This Amendment No. 2 to the Statement of Beneficial Ownership on Schedule 13D (this “Amendment”) relates to the Ordinary Shares of Mission NewEnergy Limited, an Australian corporation (the “Issuer”), and is being filed pursuant to Rule 13d-2(a) under the Securities Exchange Act of 1934, as amended (the “Exchange Act”). The address of the principal executive offices of the Issuer is Unit 2B, 431 Roberts Road, Subiaco, Western Australia 6008, Australia.
ITEM 2. IDENTITY AND BACKGROUND.
(a) This Amendment is being filed jointly by and for Stephen L. Way and SLWI (together with Mr. Way, the “Reporting Persons”). SLWI is a Texas limited liability company. Mr. Way is the sole member and sole manager of SLWI. SLWI is in the business of making investments and managing invested assets. In accordance with the provisions of General Instruction C to Schedule 13D, information concerning Mr. Way, as sole member and manager of SLWI, required by Item 2 of Schedule 13D, is provided below.
(b) The address of the principal business and principal office of SLWI is 7941 Katy Freeway, #529, Houston, Texas 77024. The business address of Mr. Way is 7941 Katy Freeway, #529, Houston, Texas 77024.
(c) The principal business of SLWI is making investments and managing invested assets. Mr. Way’s principal occupation is as the Chairman and Chief Executive Officer of Houston International Insurance Group, Ltd. (“HIIG”). HIIG, through its subsidiaries, owns Ordinary Shares of the Issuer.
(d) The Reporting Persons have not, during the last five years, been convicted in a criminal proceeding (excluding traffic violations or similar misdemeanors).
(e) The Reporting Persons have not, during the last five years, been a party to a civil proceeding of a judicial or administrative body of competent jurisdiction, and as a result of such proceeding, were or are subject to a judgment, decree or final order enjoining future violations of, or prohibiting or mandating activities subject to, federal or state securities laws or finding any violation with respect to such laws.
(f) SLWI is a Texas limited liability company. Mr. Way is a United States citizen.
ITEM 3. SOURCE AND AMOUNT OF FUNDS OR OTHER CONSIDERATION.
In a series of transactions in May and June 2012, SLWI purchased an aggregate of 505,904 of the Issuer’s A$65 face-value Series 2 Convertible Notes, which have a conversion ratio of one note to four Ordinary Shares, resulting in a conversion price of A$16.50 per share (the “Series 2 Notes”), from various parties in exchange for aggregate consideration of $3,217,500.76 from SLWI’s existing personal funds.
In August and September 2012, SLWI transferred (i) 63,238 Series 2 Notes to Westcliff Trust, a Texas statutory trust with an independent trustee, the beneficiaries of which are members of Mr.

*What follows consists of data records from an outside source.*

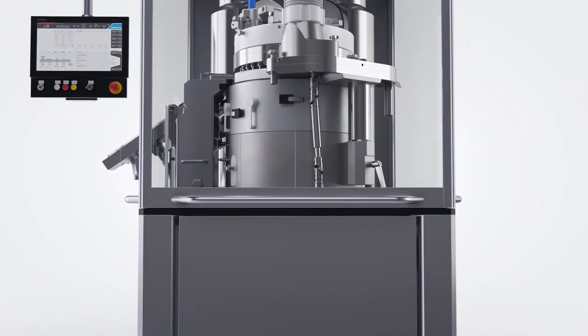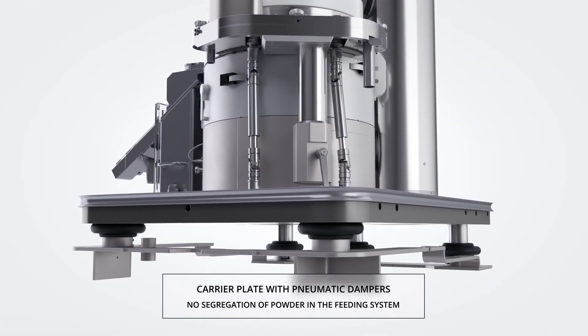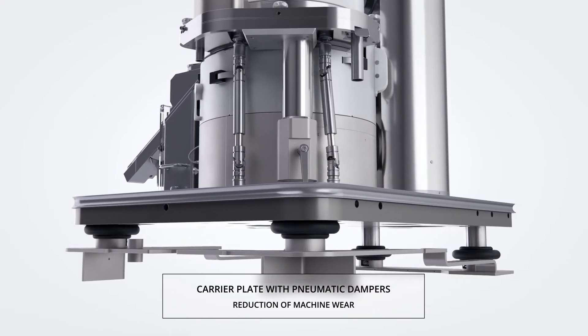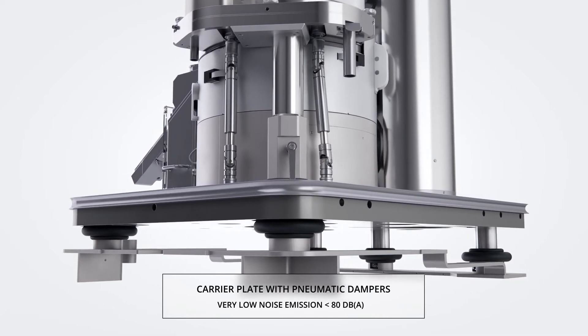The carrier plate that supports the pre-compression and main compression columns is mounted on pneumatic dampers. This unique and patented design fully isolates vibration from the headpiece and machine base. The result is an extreme reduction in operating noise level.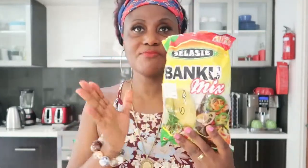This is my banku — I use the Salasi brand. I like it, I've been eating this for a very long time. You don't have to mix it yourself, it already comes mixed with cassava dough. All you have to do is mix it with water and start cooking it. So to begin, I'll wash my beef and start steaming it along with the coat.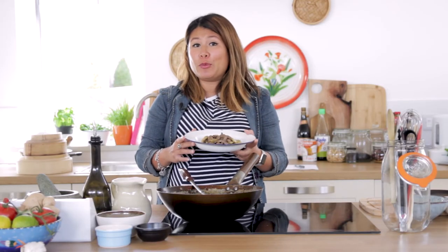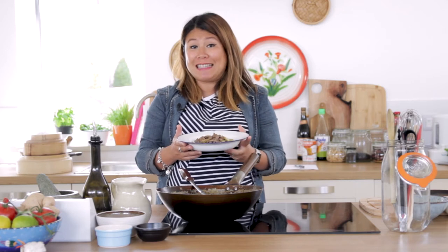If you like this recipe, please subscribe and comment on what recipes you'd like to actually see next. I'm going to have my dinner now.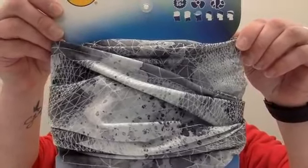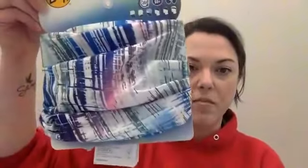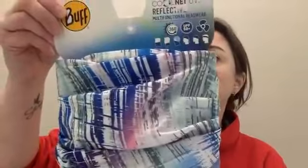Now I'm going to show you the different colors we have in the original buff and tell you their names. After this I'll post all the pictures on our Facebook page so you can easily comment to let us know which one you want. The original buff I just showed you is the CoolNet UV. Colors include: Net Silver Gray; a Reflective Buff in Multi-print, which is quite reflective; and a Reflective Buff in Lime Heather.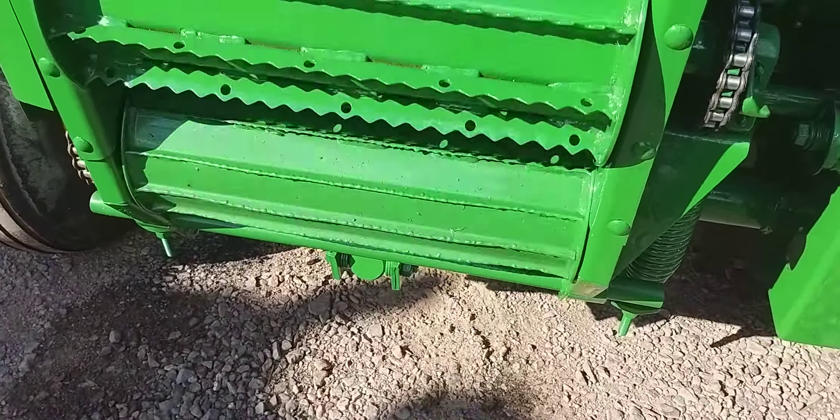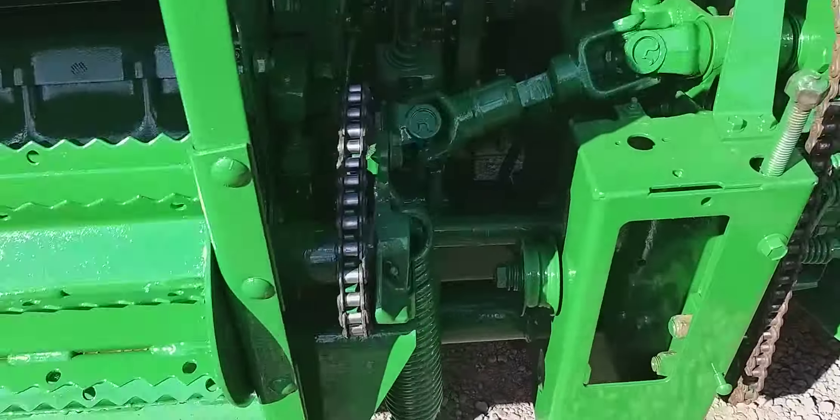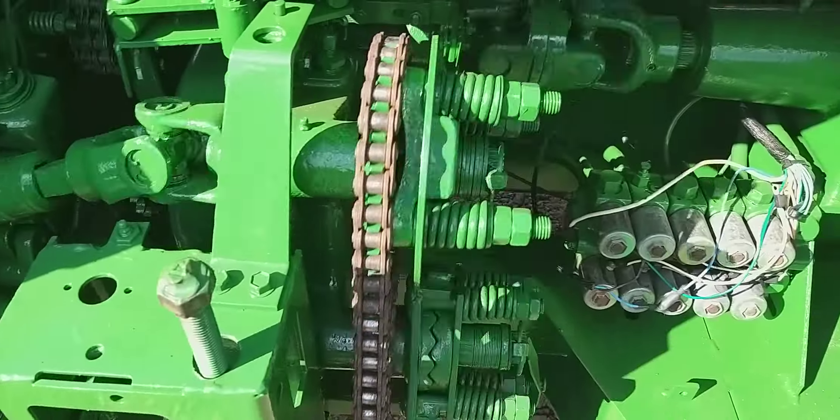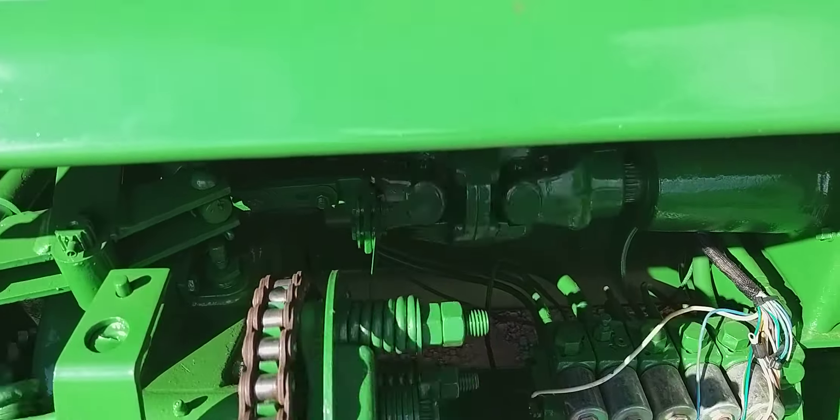Ya este es el movimiento estándar, normal. Ponte y se desincoja la reversa.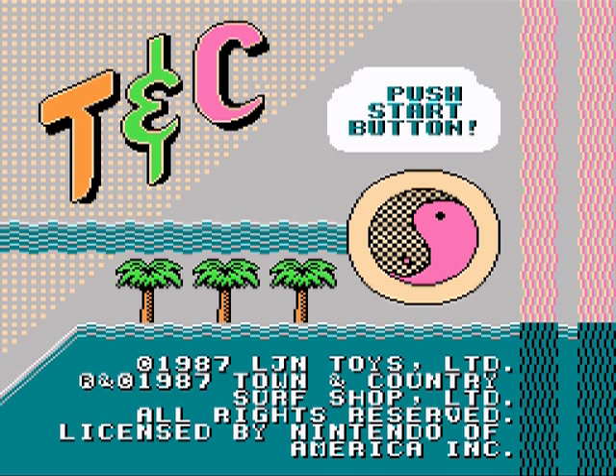Hi there everyone, this is Mailman Zero playing TNC Surf Design. TNC stands for Town and Country, and Surf Design stands for 1987 awesomeness. I will be relearning the controls along with you. The controls in this game were never that good to begin with, but it's still incredibly fun and it's really kind of like two games in one, so we'll see what happens.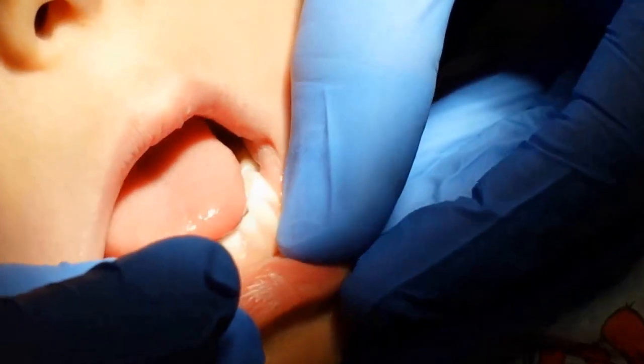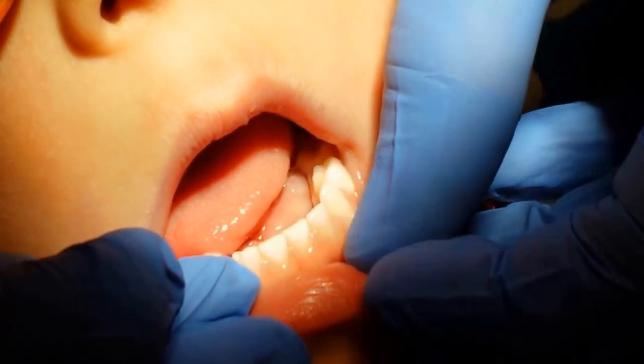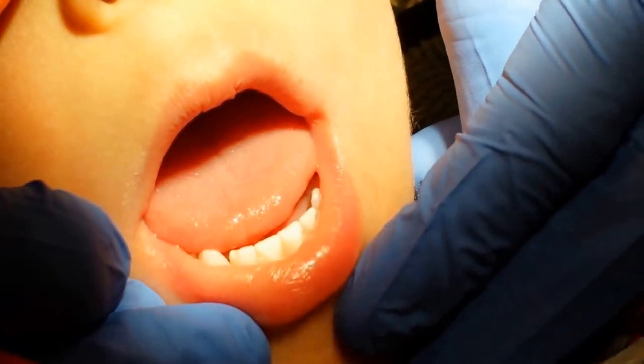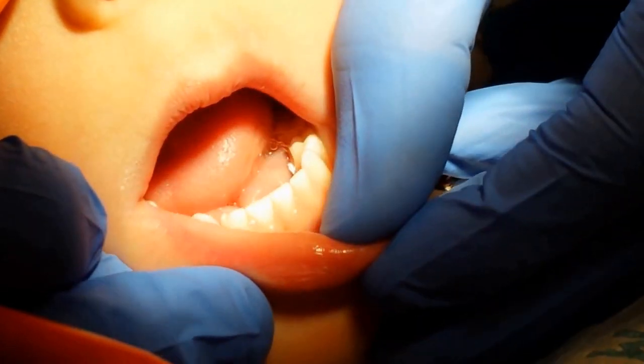Now stick your tongue out at us — way out here. Can you stick it out there? Go ahead and lick your lips. There you go. It's cut. Good job!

Way’s family, (ii) 63,238 Series 2 Notes to Eastwood Trust, a Texas statutory trust with an independent trustee, the beneficiaries of which are members of Mr. Way’s family, and (iii) 252,951 Series 2 Notes to a third-party investor, Noble Haus Asia Ltd. SLWI retained 126,477 of the Series 2 Notes. On November 23, 2012, the Issuer and the holders of the Series 2 Notes effected an exchange of all outstanding Series 2 Notes for newly issued Series 3 Notes. The increased conversion ratio of the Series 3 Notes resulted in an increase of the possible beneficial ownership of Ordinary Shares by SLWI.
ITEM 4. PURPOSE OF TRANSACTION.
The purpose of the transaction is investment and, as a result of an increasing investment position, potentially to change or influence control of the Issuer.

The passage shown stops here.